• [Required work] Skip the pictures and write out, word for word, the lines below from the one with "湖北新东日东风多利卡7吨智能型沥青洒布车厂家现车销售" through the one with "Châlet - 99 m² - 6 pièces", inclusive.
• • •
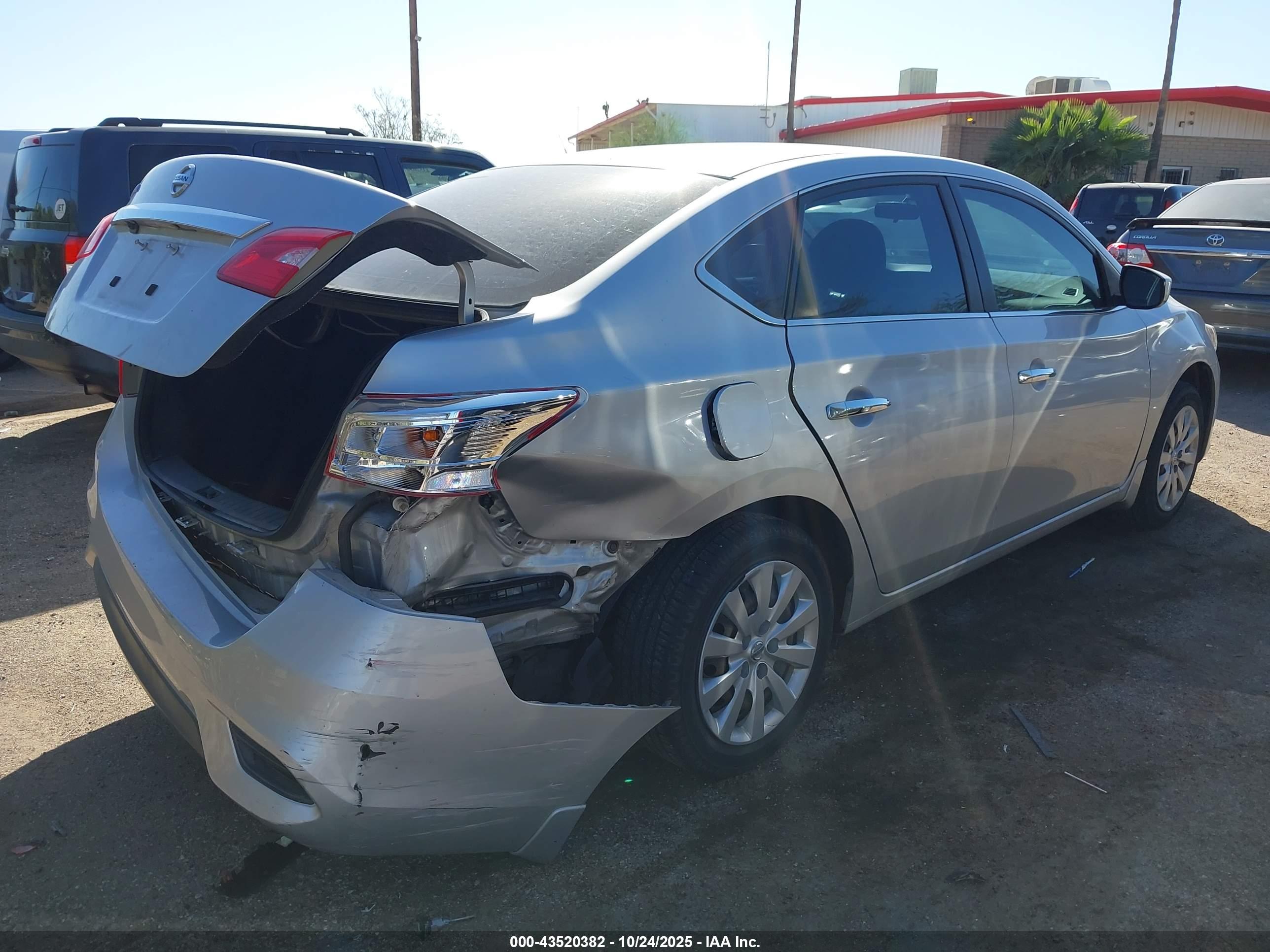 NISSAN SENTRA image 6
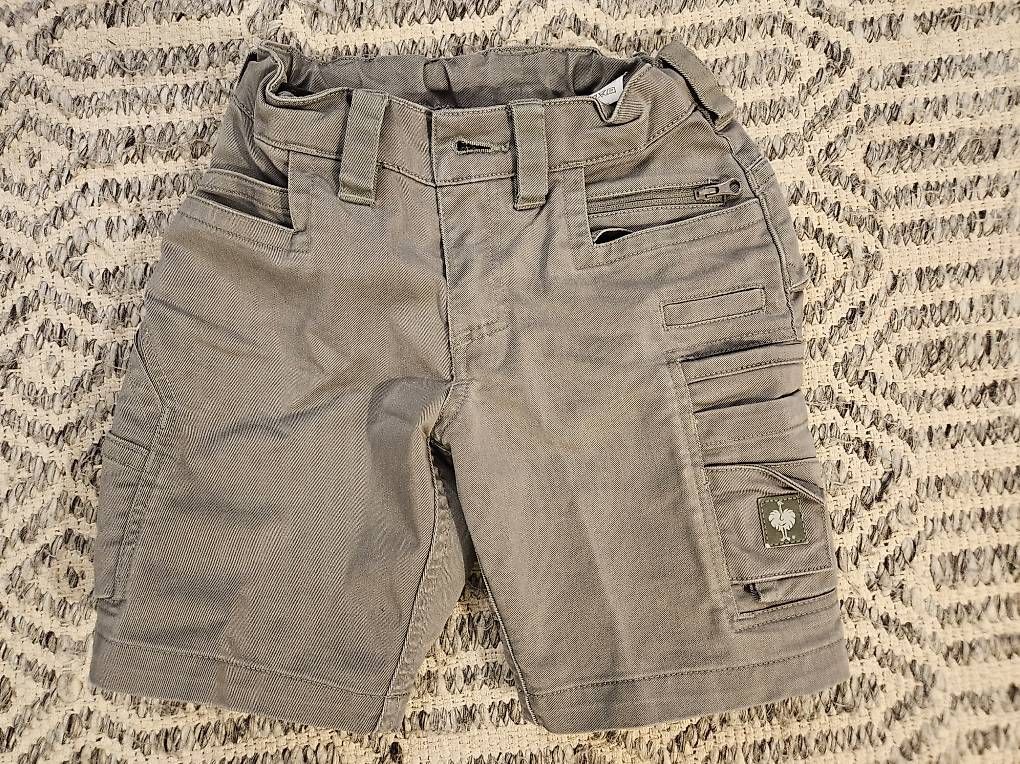 Lotti & Set di vestiti: Jungen Kleiderpaket 110-116 – Usato da Nussbaumen AG venduto da Ralix 4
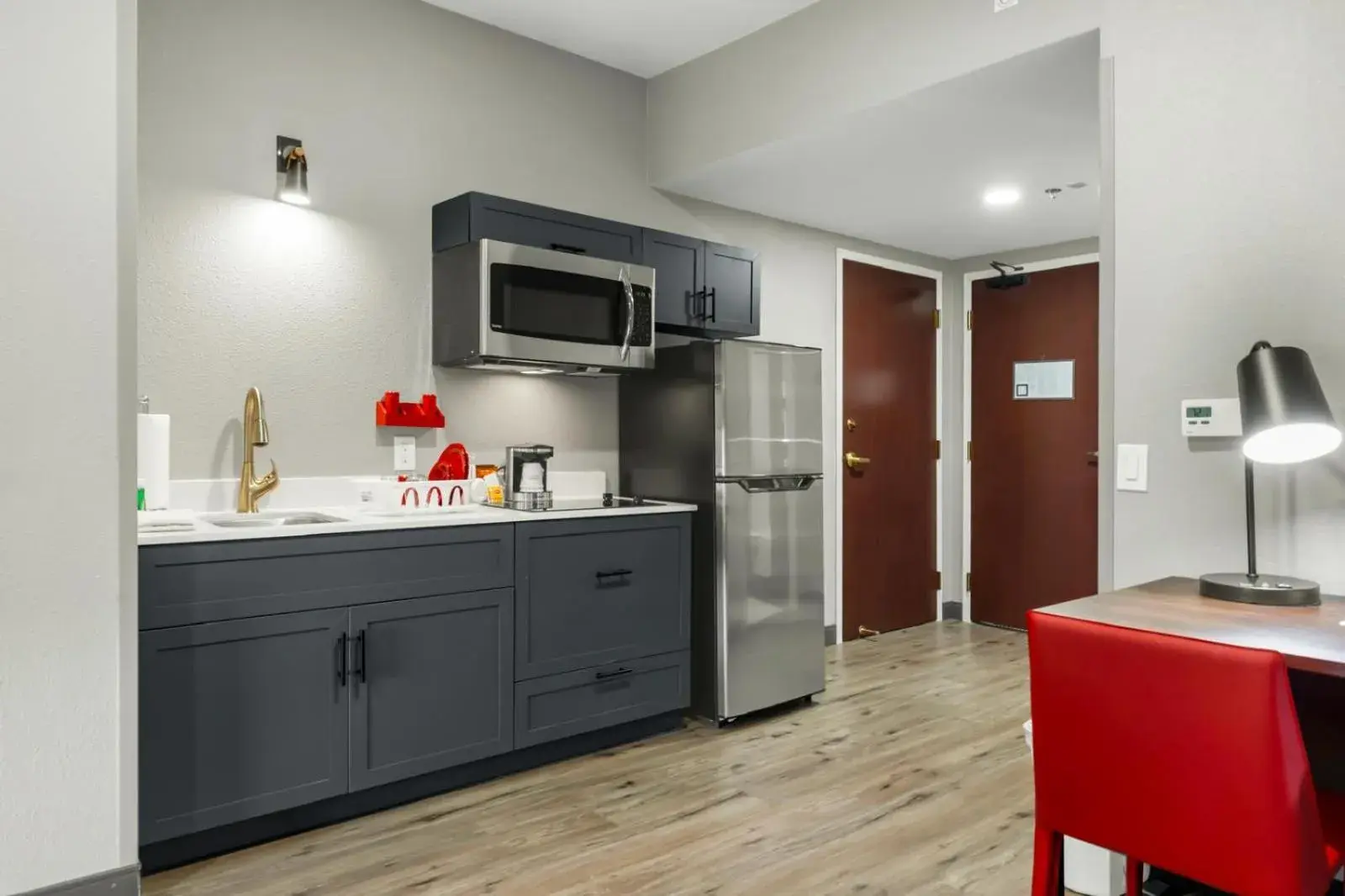 One-Bedroom Suite with One Queen Bed and Full Kitchen - Mobility Accessible/Non-Smoking in Hawthorn Extended Stay by Wyndham College Station One-Bedroom Suite with One Queen Bed and Full Kitchen - Mobility Accessible/Non-Smoking in Hawthorn Extended Stay by Wyndham College Station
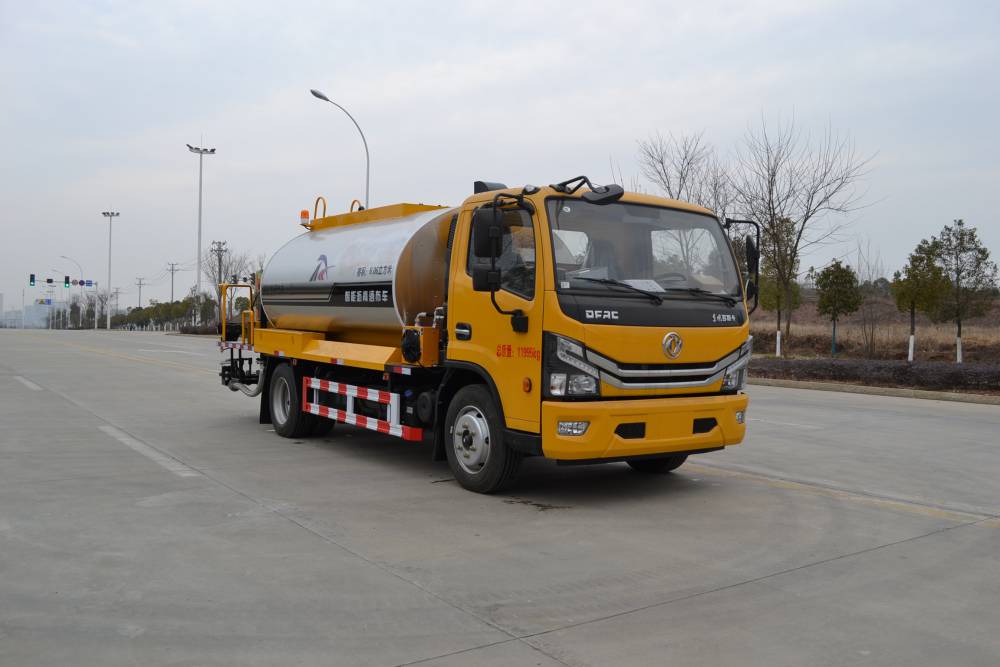 湖北新东日东风多利卡7吨智能型沥青洒布车厂家现车销售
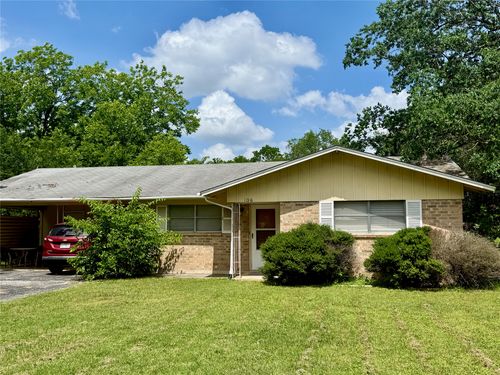 106 San Jacinto Street, Lockhart, TX, 78644 | Card Image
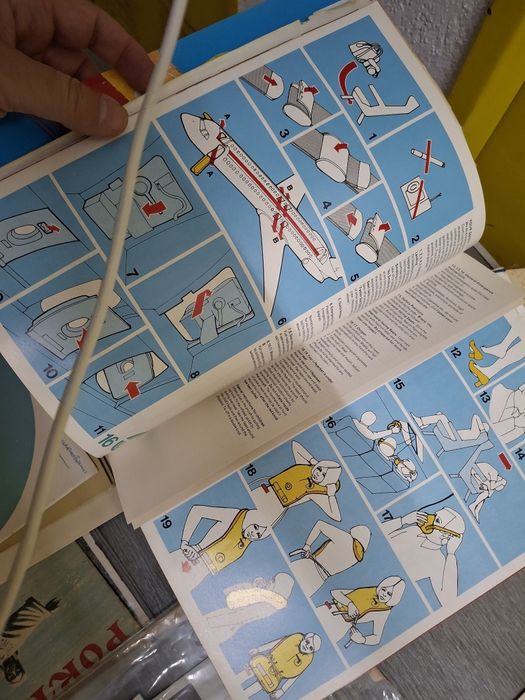 Court line avião aviação brochura antiga com safety instructions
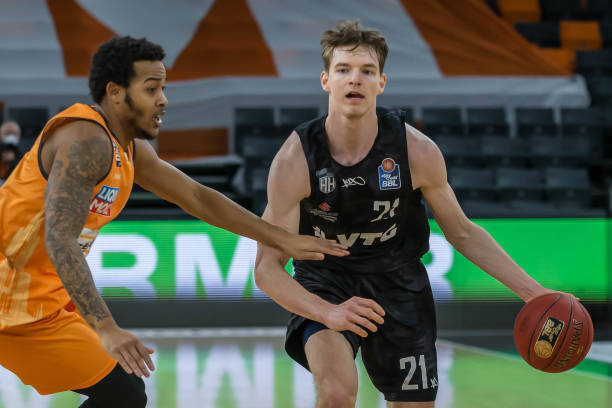 奖前均已拿 奖前均已拿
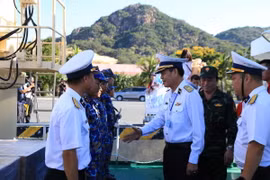 Chuẩn đô đốc Nguyễn Viết Khánh, Trưởng đoàn Đoàn công tác số 15, lên đường thăm, tặng quà cán bộ, chiến sỹ và nhân dân quần đảo Trường Sa. (Ảnh: Quang Thái/TTXVN)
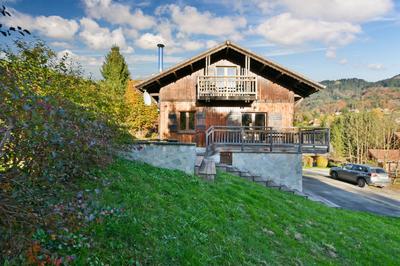 Châlet - 99 m² - 6 pièces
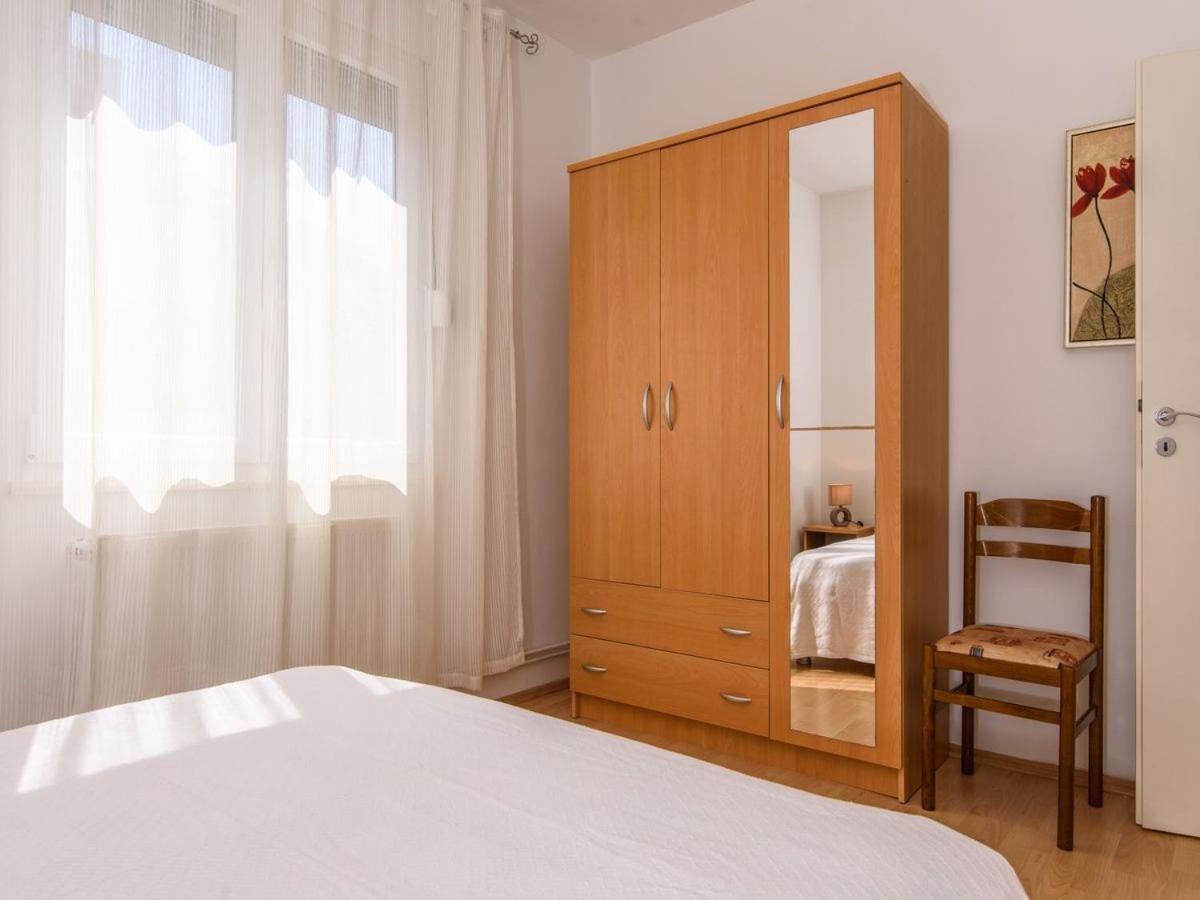 Apartments Beba - Peaceful Location Trogir Bagian luar foto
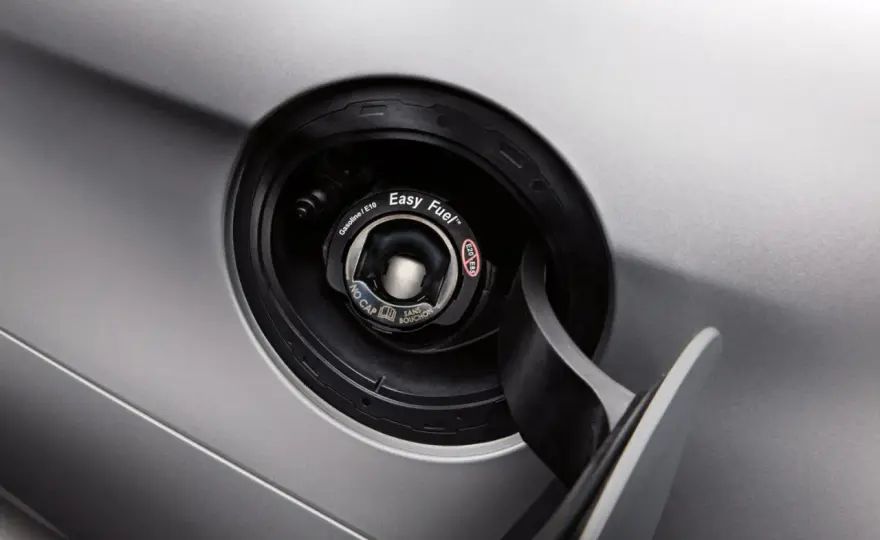 Ford Easy Fuel – jak otworzyć wlew? Poradnik krok po kroku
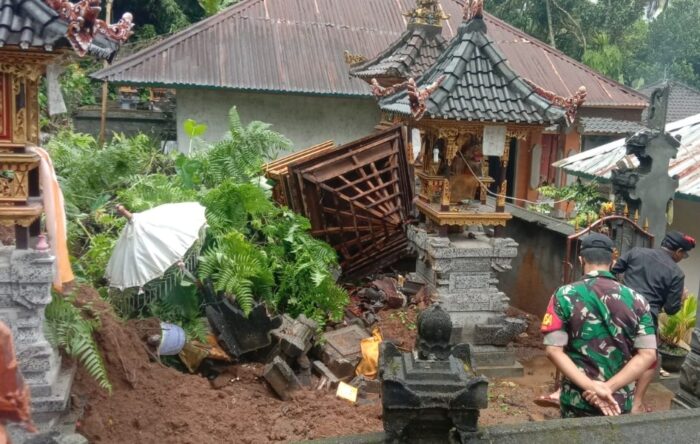 bangunan-pelinggih-warga-pakudansih-tertimpa-longsor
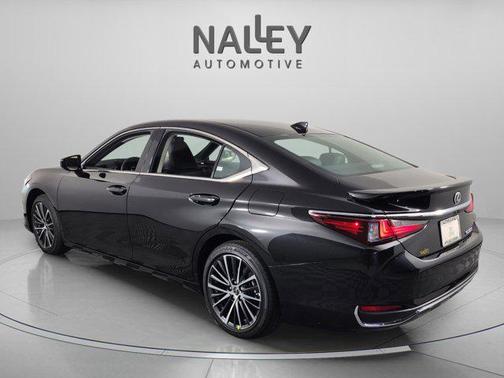 2025 Lexus ES 300h Base
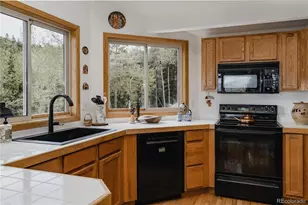 254 Aspenwood Ln, Evergreen, CO 80439 - Photo 11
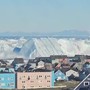 Grosso iceberg si spezza e si capovolge davanti alle coste della Groenlandia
• • •
• [Answer to the exercise]
 湖北新东日东风多利卡7吨智能型沥青洒布车厂家现车销售
 106 San Jacinto Street, Lockhart, TX, 78644 | Card Image
 Court line avião aviação brochura antiga com safety instructions
 奖前均已拿 奖前均已拿
 Chuẩn đô đốc Nguyễn Viết Khánh, Trưởng đoàn Đoàn công tác số 15, lên đường thăm, tặng quà cán bộ, chiến sỹ và nhân dân quần đảo Trường Sa. (Ảnh: Quang Thái/TTXVN)
 Châlet - 99 m² - 6 pièces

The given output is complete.